36    The powers conferred by the Rules must be exercised in the way that best promotes their overarching purpose, which is to facilitate the just resolution of disputes according to law and as quickly, inexpensively and efficiently as possible: Federal Court of Australia Act 1976 (Cth) (“FCA Act”), s 37M. The parties have an obligation to conduct proceedings (including negotiations for settlement of the dispute to which the proceedings relate) in ways that are consistent with the overarching purpose: FCA Act, s 37N(1). In exercising the discretion to award costs, the Court is required to take into account any failure to comply with the duty imposed by s 37N(1).

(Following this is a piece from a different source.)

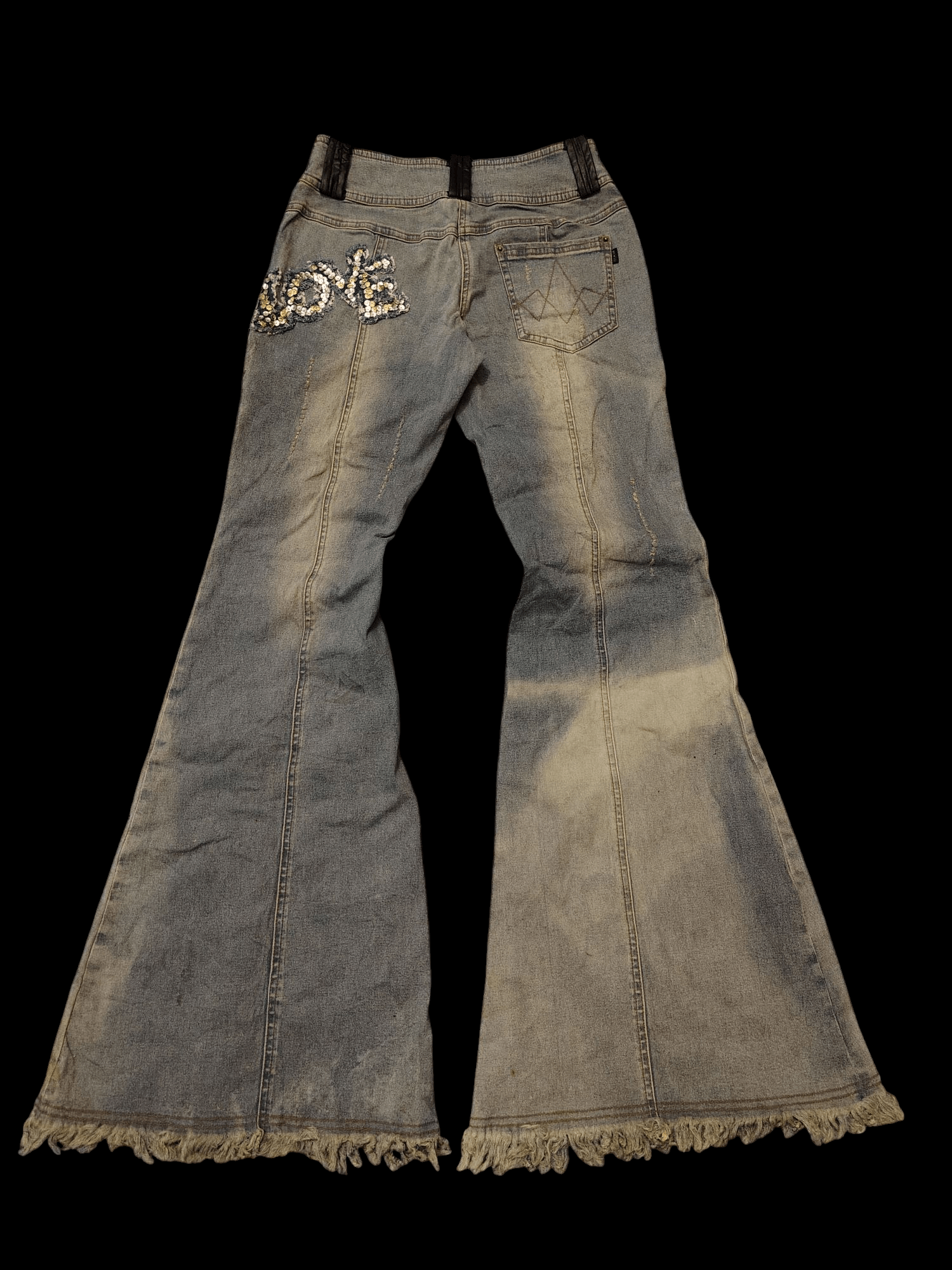 If Six Was Nine × Japanese Brand × Tornado Mart Insane 90s Poupine Bell Bottom distressed Jeans any patches Size 26" / US 2 / IT 38 - 2 Thumbnail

37    I have some sympathy for the respondents position. On the other hand, I accept that Ms Francis honestly believed that the photograph in the book was the photograph she took of herself. Ms Francis sought leave to discontinue the proceeding very soon after Mr Walters’ affidavit was served on her, when she realised her mistake. I have no reason to doubt that, had the material in the affidavit been given to her earlier, she would not have pressed on.

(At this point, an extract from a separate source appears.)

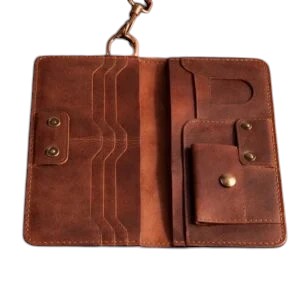 Antique Two-Tone Cow Leather Long Wallet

38    In the light of all these matters, I have concluded that the respondents should recover some, but not all of their costs. Mr Walters and Mr Banki both put on evidence that on 23 October 2014 Mr Walters discovered the album containing the photographs that led Ms Francis to discontinue the proceeding. As I noted above, the respondents filed and presumably served their defence four days later without drawing Ms Francis’s attention to the album or the photographs in question. I am minded to accept Ms Francis’s submission that the respondents should have produced the material at the time the defence was filed. Given the obligations of the parties and their solicitors under s 37N of the FCA Act, I see no good reason why they did not do so. I will therefore depart from the ordinary rule to the extent that the respondents did not adequately facilitate the quick, inexpensive and efficient resolution of the dispute by failing to serve this evidence around the time they filed their defence. Ms Francis should pay the respondents’ costs up until 27 October 2014 (when the defence was filed) (excluding the costs of the interlocutory application) but thereafter each party should pay its, his or her own costs.

I certify that the preceding thirty-eight (38) numbered paragraphs are a true copy of the Reasons for Judgment herein of the Honourable Justice Katzmann.